Delta Property Fund reported a mixed financial performance for the year to end-February as it focused on restructuring debt and optimising its portfolio in response to challenging market conditions.
The group’s net operating income increased by 10.3% to R721.4m, supported by stable rental income, cost containment measures and the disposal of noncore properties, the company said on Thursday.
However, the SA real estate investment trust, which focus on commercial office space primarily leased to government and state-owned enterprises, recorded a net loss of R104.2m, primarily driven by higher expected credit losses and increased taxation.
A key highlight was Delta’s proactive debt management and restructuring initiatives. The group renewed and extended debt facilities with leading financial institutions, including Nedbank, Standard Bank, Bank of China, State Bank of India and Investec.
These renewals, with ongoing negotiations to improve pricing and extend maturities, demonstrate Delta’s commitment to strengthening its financial position and ensuring a balanced debt maturity profile over the next two to three years, the company said.
Total interest-bearing debt was reduced slightly to R3.9bn, supported by capital repayments funded through property disposals and scheduled amortisation.
Property operating expenses decreased 12.8% to R422m. The company said the reduction was achieved through successful challenges to municipal property valuations, supplier changes, contract renegotiations and the disposal of noncore properties.
The portfolio’s vacancy rate decreased to 31.9% from 33.4%. The company disposed of six noncore properties valued at R154.9m during the year, with further disposals pending.
Delta renewed 79 leases for an average of 2.4 years and signed new leases for an average of 3.1 years. However, the average lease expiry period decreased to 14.7 months due to some leases becoming month-to-month agreements.
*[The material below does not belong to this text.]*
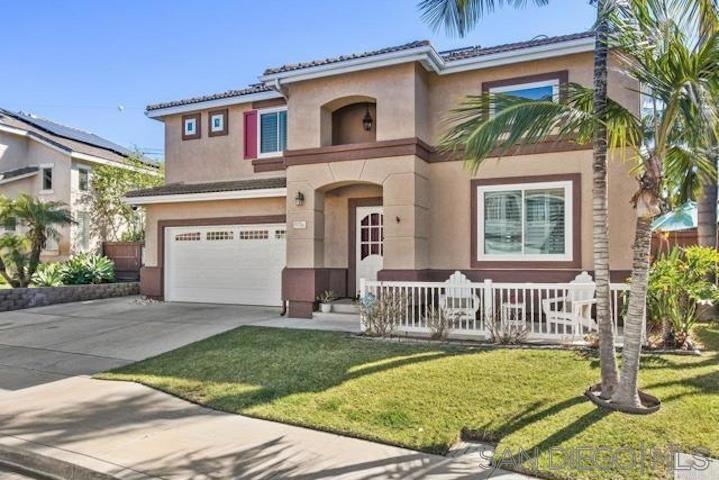 976 Camino Del Sol Property Photo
The amount owed to Delta by tenants increased to R155.2m, mainly due to delayed payments from government departments. To account for potential bad debts, the company set aside R61m, which is about 40% of the total amount owed. The company also recorded a R25.9m loss due to expected unpaid debts.
Despite these challenges, the company said its management remained confident in the recoverability of outstanding balances.
The company said its board conducted a thorough going-concern assessment and remained satisfied that the group could meet its cash obligations and continue operations, despite current liabilities exceeding current assets by R1.6bn.
No dividend was declared for the year, consistent with the prior period.